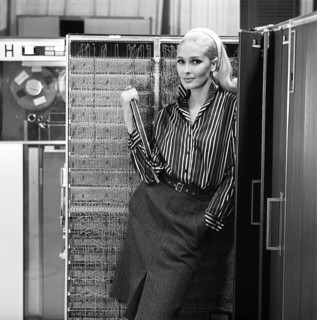 In the 1960s. Fashion model wearing the typical clothes of 1965. The photograph is taken in a 1960s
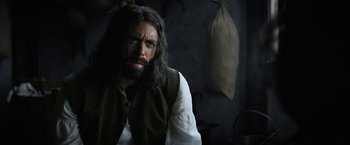 Movie still from “Fear Street: Part Three - 1666” (2021), directed by Leigh Janiak – A man with long hair and a beard is sitting; Medium shot, Over the shoulder angle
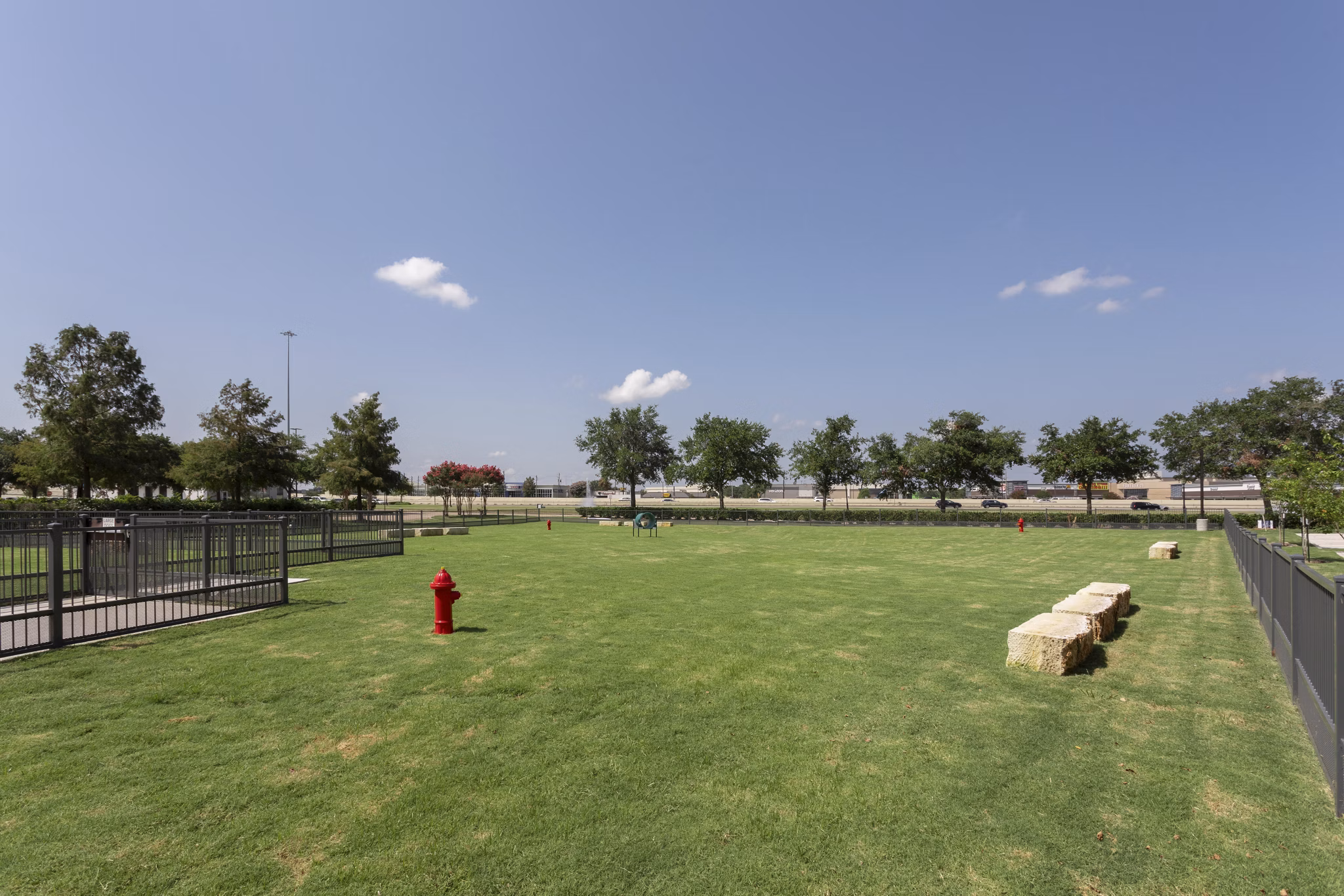 Scenic dog park with agility equipment at Broadstone Baybrook Apartments, perfect for pet-friendly living spaces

** TASK **
When you write out the material, reproduce each line exactly and omit any picture it holds.

** ANSWER AREA **
 In the 1960s. Fashion model wearing the typical clothes of 1965. The photograph is taken in a 1960s
 Movie still from “Fear Street: Part Three - 1666” (2021), directed by Leigh Janiak – A man with long hair and a beard is sitting; Medium shot, Over the shoulder angle
 Scenic dog park with agility equipment at Broadstone Baybrook Apartments, perfect for pet-friendly living spaces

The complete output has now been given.